March 10, 2011 – Cloud sourcing contracts are not mature for all markets, warns Gartner researchers in a new report, "Four Risky Issues When Contracting for Cloud Services."
While the cloud environment is quickly maturing, cloud service contracting has structural deficits, Gartner says. Based on their research Gartner warns cloud contract terms generally favor the vendor, do not have clear service commitments, are opaque and easily changed. Gartner reports seeing many cloud-sourcing contracts that lack descriptions of cloud service providers' responsibilities and that do not meet the general legal, regulatory and commercial contracting requirements of most enterprise organizations.
Gartner recommends organizations do a cloud risk assessment. Areas such as data-handling procedures can have a negative impact on the business case, Gartner points out, potentially creating compliancy issues and cost increases. A wise approach, according to the report, is to take a different path to vendor selection, contracting and negotiation.
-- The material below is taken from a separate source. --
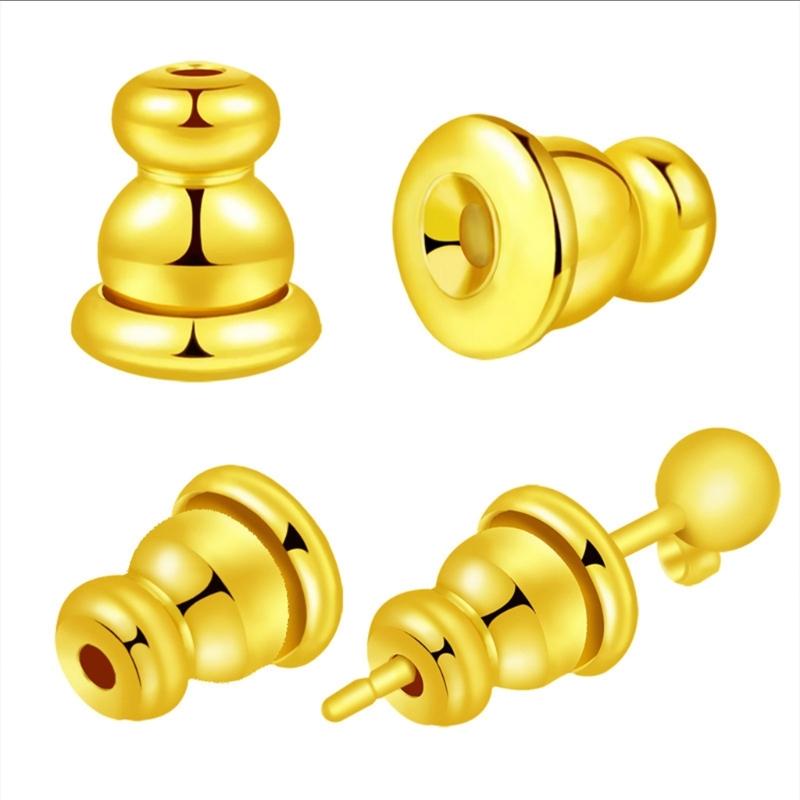 Set of 4 Secure Earring Backs Studs Locking Clutch Secure Locking Backing Stainless Steel Earring Plugs for Droopy Ears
“Cloud sourcing often requires a more liberal legal approach that allows for the acceptance of standardized terms,” says Frank Ridder, research vice president at Gartner.
“CIOs and sourcing executives should try to negotiate protection against additional costs and incremental cost increases in the contract – even if this might result in some loss of initial discount,” advises Alexa Bona, research vice president at Gartner.
Bona advocates negotiating protections and penalties into contracts to protect current business requirements and renewal terms. Complete a competitive market analysis and switching cost analysis well in advance of a cloud service contract renewal, Bona says.
Gartner believes that over time, the combination of buyer pressure and a provider desire to reduce the length of negotiation cycles and number of customized deals will cause terms to evolve to more of a middle ground, rather than the current provider-centric contract practices.